Omit the pictures and output every entry below exactly as written.

▶ _Records to process_

┌──

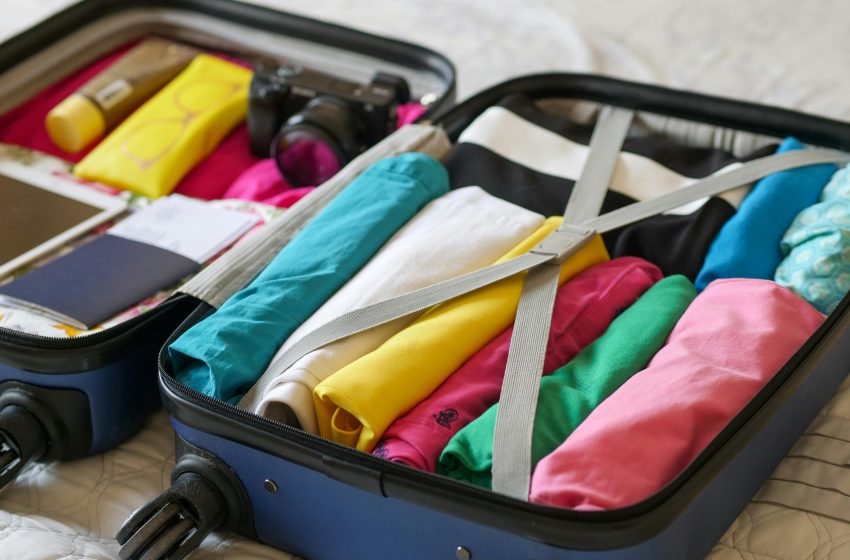  Packing Hacks Every Traveler Should Know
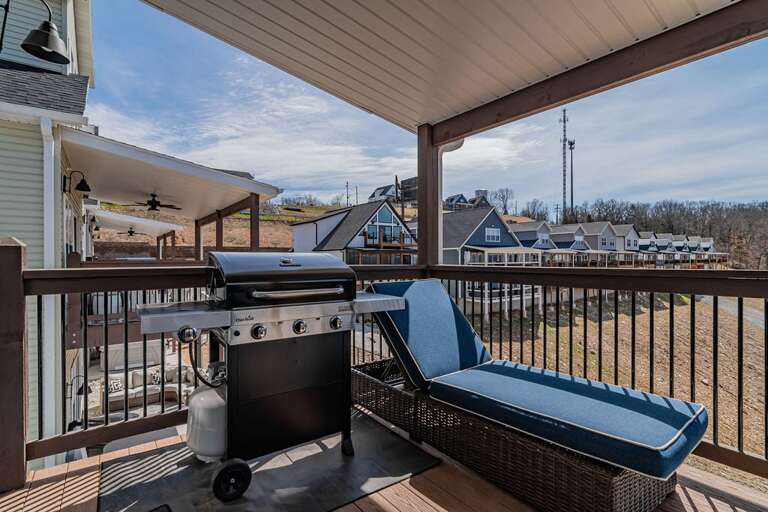 Find Rentals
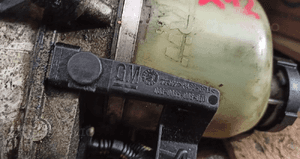 Pompa wspomagania opel astra g  nr 006-0085-006-020 4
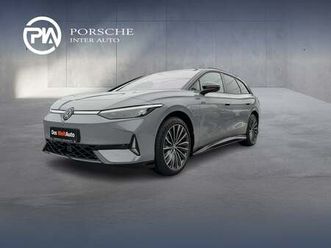 tourer gtx 4motion 250 kw business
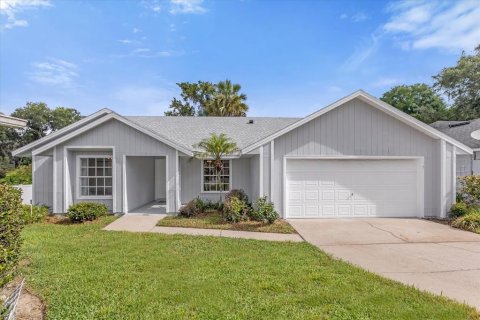 Villa ou maison à vendre à Mount Dora, Floride: 3 chambres, 144.93 m2 № 1344214 - photo 1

└──

▶ _Problem solution_
  Packing Hacks Every Traveler Should Know
 Find Rentals
 Pompa wspomagania opel astra g  nr 006-0085-006-020 4
 tourer gtx 4motion 250 kw business
 Villa ou maison à vendre à Mount Dora, Floride: 3 chambres, 144.93 m2 № 1344214 - photo 1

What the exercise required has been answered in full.